Things have picked up again in recent weeks, however, leaving us in a respectable position of 11th on Boxing Day, which might not actually be such a bad thing given in the past few seasons we’ve made a habit of being in the top 3 at Christmas and then capitulating thereafter. To summarise, we’re head-bashingly, fist-poundingly, cat-kickingly inconsistent, following up every glimmer of hope with an unyielding reminder of why we’re definitely not good enough for promotion, and then a subsequent reminder of why we’re every bit good enough, and so on and so forth.

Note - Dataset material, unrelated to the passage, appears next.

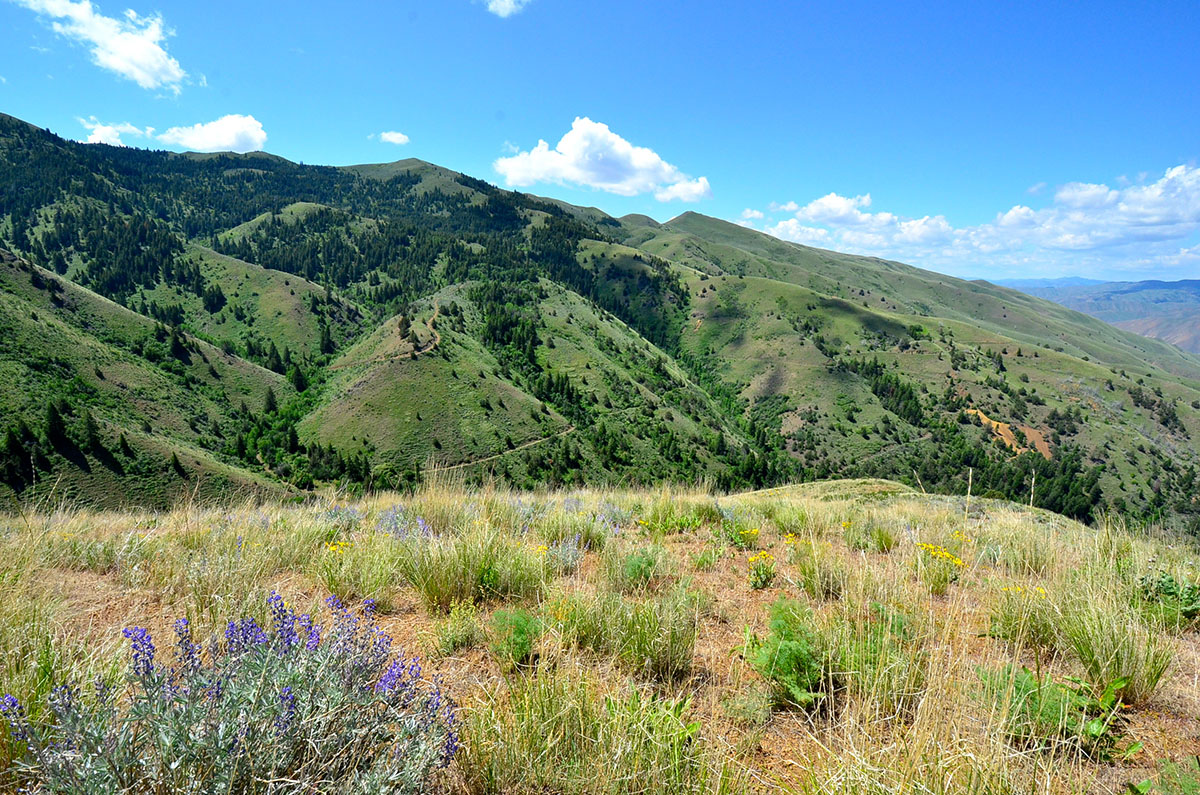 Rocking M Ranch Unit property picture 14 of 46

We’re like, I suspect, just about every other team in the footy league (bar Southampton and Chesterfield, who are consistently excellent and rubbish respectively) yet that extraordinary wiring football fans have which makes us believe we’re entitled to better than everyone else means that being like everyone else is just not good acceptable.

disillusioned

Perversely, the supporters that ever-so-resolutely believe mediocrity would be a success are perpetually disillusioned with our mediocrity, and those who appreciate the merits of a draw at Macclesfield before the game are the same ones trudging off disappointed (perhaps accompanied by a quick boo) as we do just that. The truth is, the margins are so fine that anything can happen, but – if there’s such thing – the likelihood is that we’ll finish somewhere between 6th and 14th and be ultimately disappointed. But being genuinely good and consistent would be so dull, wouldn’t it?

While our ventures on the pitch can hardly be said to be unequivocally successful, what is happening off it most certainly can. Barring any absurd late hiccups, we WILL be moving back to Rotherham for next season as the recently named New York Stadium erects itself in the middle of our town centre, a move so monumentally huge for the club that it makes whether we win or lose 1-0 at Dagenham seem rather immaterial. It was tempting to dedicate a separate blog to the stadium’s aforementioned naming, but in truth that was only so I could give it the title ‘Fairytale of New York’.

It’s worth noting at this point, by the way, that those who believe ‘New York’ to hardly be indisputably Rotherham would be slightly misguided, and that despite appearing a desperate attempt to glamorise and publicise a remarkably unfashionable place, New York is in fact the name of the area of ground on which the stadium is built, making the name no more absurd than Hillsborough or Bramall Lane. And even if we could have gone with something a little more, I dunno, ‘Rotherham’, I doubt there are many who would argue that the name is not infinitely superior to the CoralWindowsEtihadAmexEmirates stadium. Oh, and the West Stand is being sponsored by Pukka Pies. And that IS indisputably Rotherham.